The current two-year PLL arrangement in an amount equivalent to SDR 3.2351 billion (about US$5 billion at the time of approval or 550 percent of Morocco's quota at the IMF) was approved by the IMF's Executive Board in July 2014. (SeePress Release No. 14/368). The arrangement supports the authorities' program to rebuild fiscal and external buffers and promote higher and more inclusive growth. It will expire in July 2016. Morocco's first 24-month PLL arrangement was approved on August 3, 2012, with an access equivalent to 700 percent of the quota, and expired in July 2014.
The PLL arrangement has provided insurance against external risks. The Moroccan authorities are treating the arrangement as precautionary, as they did with the 2012—14 PLL arrangement, and do not intend to draw under the arrangement unless Morocco experiences actual balance of payments needs from a significant deterioration of external conditions.
ThePLL, which was introduced in 2011, provides financing to meet actual or potential balance of payments needs of countries with sound policies, and is intended to serve as insurance or help resolve crises under wide-ranging situations.
Following the Executive Board discussion on Morocco, Mr. Mitsuhiro Furusawa, IMF Deputy Managing Director and Acting Chair of the Board, made the following statement:
“Morocco's overall economic performance has continued to improve in 2015. Strong policy implementation has helped reduce fiscal and external vulnerabilities and significant progress has been achieved on reforms. In an environment that remains vulnerable to important downside risks, continued efforts to move ahead with difficult but necessary reforms will be key for reducing the remaining vulnerabilities while promoting higher and more inclusive growth.
“Fiscal developments have been positive and consistent with the authorities' objective to reduce the deficit to 4.3percent of GDP in 2015. Substantial progress has been achieved on the subsidy reform, while support to the most vulnerable has expanded. Now that the draft legislation on the public sector pension reform has been approved by the government, its timely adoption by parliament and implementation will be key.
“Progress has also been made in upgrading the financial policy framework, including implementing recent Financial Sector Assessment Program recommendations, in addition to implementing Basel III norms and the new banking law. An important further step should be to finalize the new central bank law in order to enhance its independence and extend its supervisory and resolution powers. Preparations for a more flexible exchange rate regime, which will help preserve competitiveness and the economy's ability to absorb economic shocks, are progressing well.
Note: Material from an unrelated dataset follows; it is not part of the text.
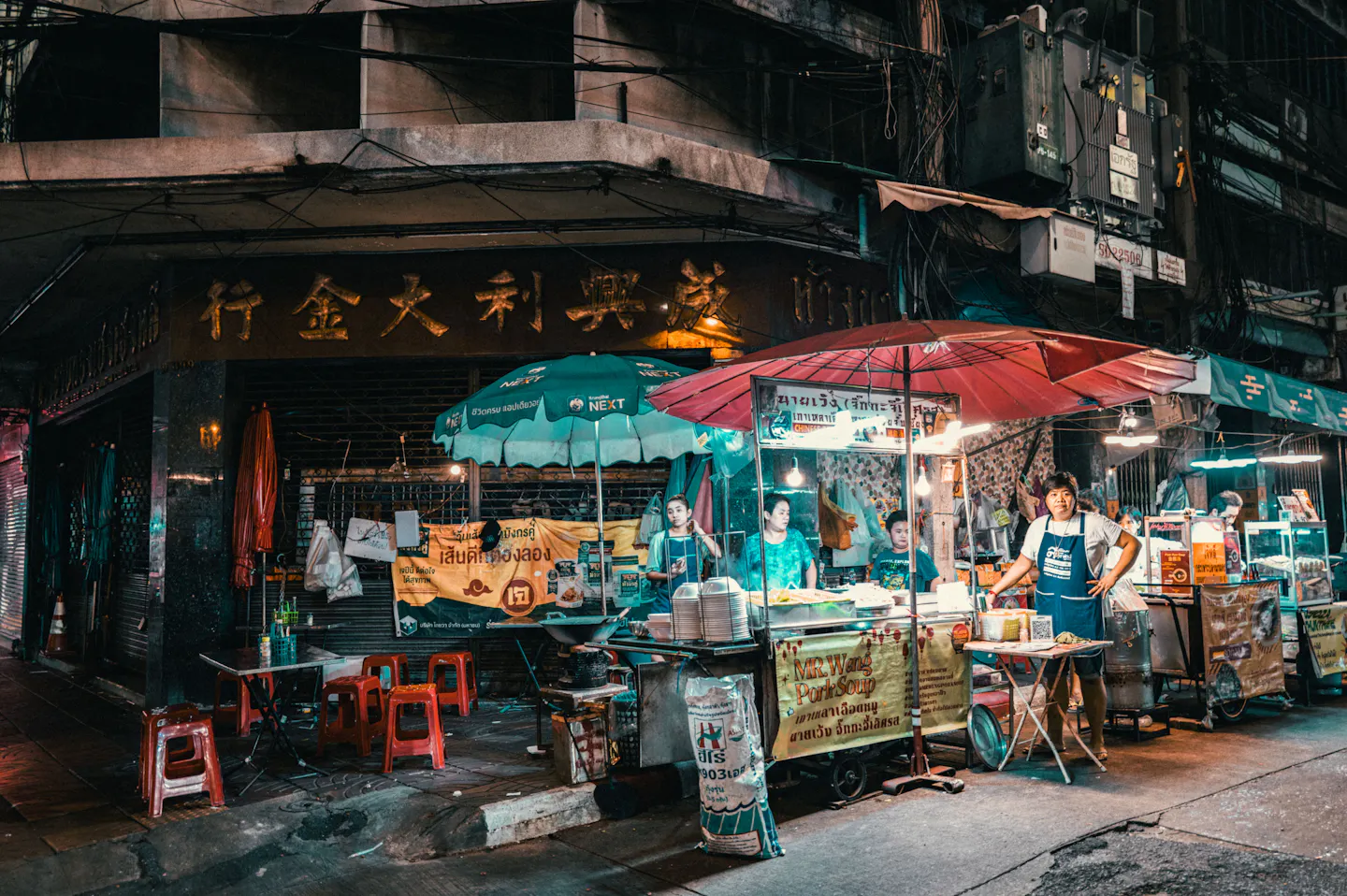 Street food stalls with red and green umbrellas, stools and vendors on a Bangkok Chinatown corner at night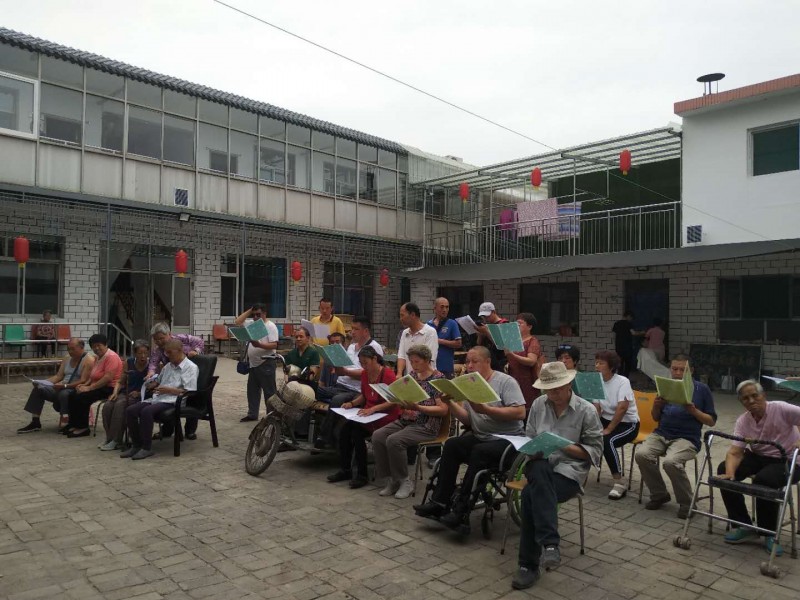 The nursing home's residents sang hymns with the volunteers on June 16, 2018.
“Morocco's external position has improved considerably, owing mainly to strong policies, rising exports in newly developed sectors, lower oil prices, and robust FDI, with reserves reaching a comfortable level. Structural reforms to improve the business climate and enhance competitiveness continue to be a priority in order to build on those gains. The implementation of the National Strategy for Employment will help address constraints in the labor market and reduce unemployment, especially among the youth.
“The arrangement under the Fund's Precautionary and Liquidity Line (PLL) remains on track. The PLL, which the authorities continue to treat as precautionary, has provided Morocco with insurance against external risks while supporting the authorities' economic strategy.”